7 On the eve of World Suicide Prevention Day, Taiwan has removed bar on the island nation’s media and advertisers over highlighting cases of suicide, local media reported on Wednesday.

The government removed Article 13 of the Enforcement Rules for the Suicide Prevention Act promulgated on Aug. 6 after it received complaints that the new law “restricted journalistic freedom,” daily Taipei Times reported, citing Taiwan’s Ministry of Health and Welfare.

The new law barred local media from placing news of suicides on front pages, using sensational headlines and photographs of suicides or include a hyperlink to a social media platform carrying such images.

The media was also not allowed to repeat news stories on the issue.
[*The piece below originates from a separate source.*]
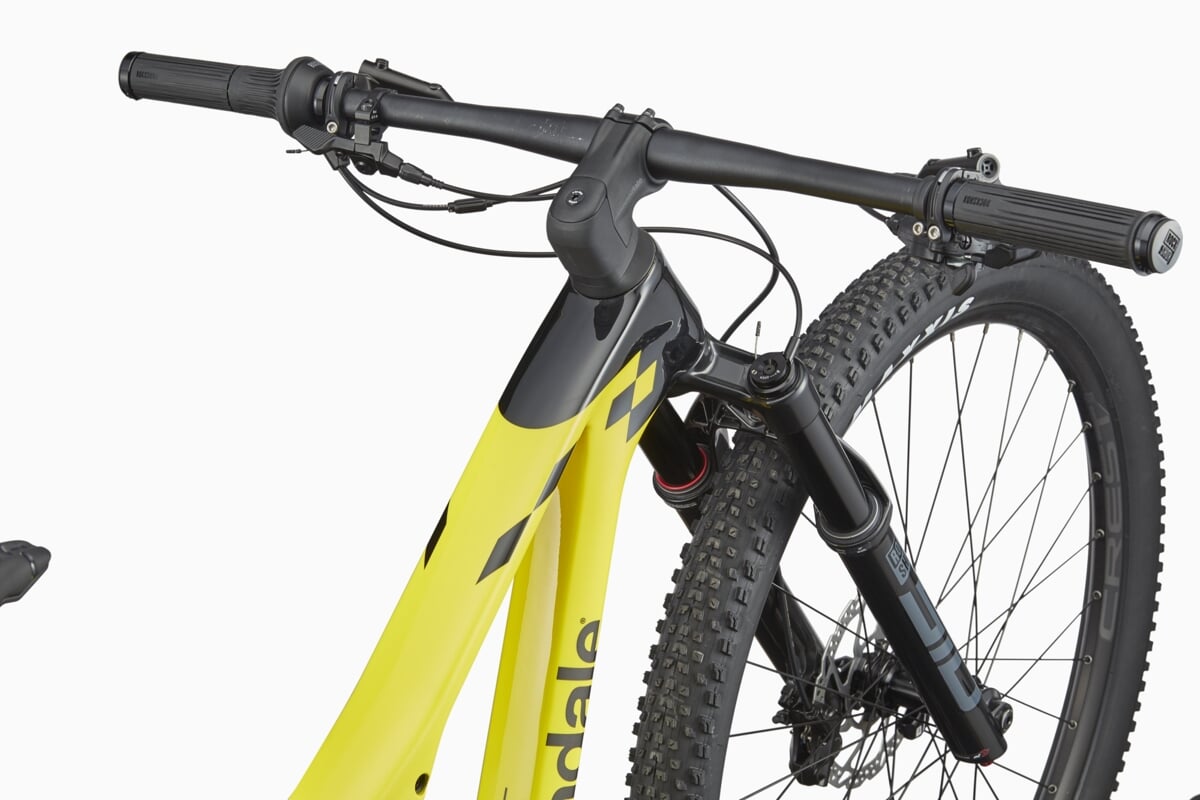 Cannondale Scalpel Carbon 4 Rower MTB 29 cali Pro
Those found working against would be fined $33,893.

It triggered protests by media unions which claimed the new law “suppressed press freedom”.
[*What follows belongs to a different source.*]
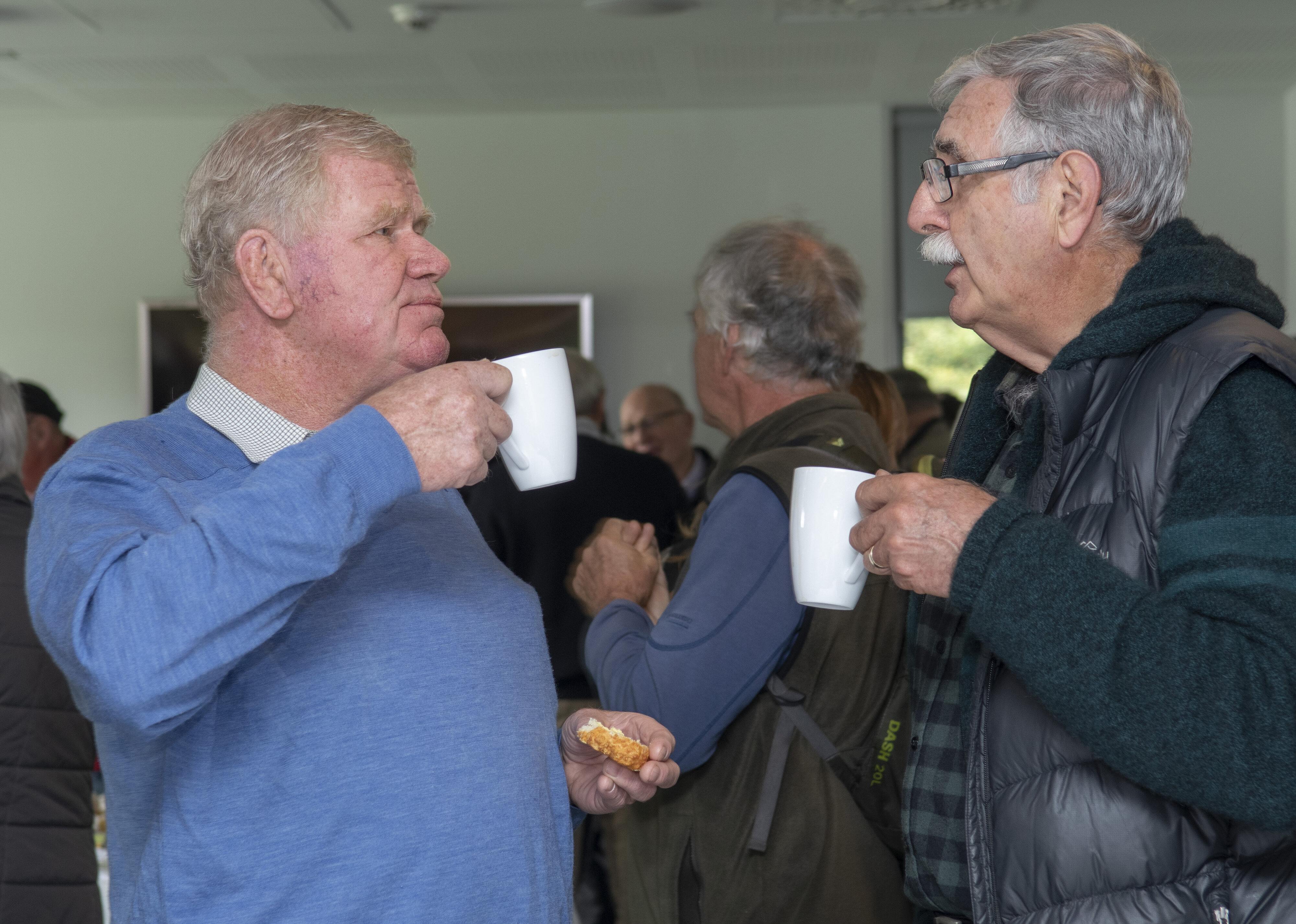 1969 DipVFM Reunion 11-13 October 2019 027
The reservations by media houses forced the Department of Mental and Oral Health Director Chen Li-chung to announce that the ministry agreed that “explicitly regulating the media using its enforcement rules could be seen as a restriction of press freedom.”

The decision comes amid rise in number of suicide attempts in the island nation.
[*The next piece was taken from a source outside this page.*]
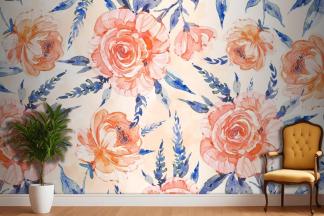 peel and stick wallpaper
“The ministry’s regulations on the matter of press coverage of suicides would observe the parent law, the Suicide Prevention Act,” Chen said.

The act came into effect on June 19 last year.

However, Chen asked media to “observe the law and exercise self-restraint”.

According to National Suicide Prevention Center data released last Sunday, the number of people who committed suicide in Taiwan fell in 2019 but the number of suicide attempts rose to over 35,000.

The number of people who died by their own hand fell to 3,864 in 2019 from a peak of 4,406, or 19.3% deaths per 100,000 people in 2006, daily Focus Taiwan reported.

It said an average of four suicides were reported per hour in Taiwan.

The data showed number of suicides among young people between ages of 15-24 increased by 47 in 2019 compared to 2018 — up 22.4%.

The number of Taiwanese aged 65 and over rose by five (0.5%).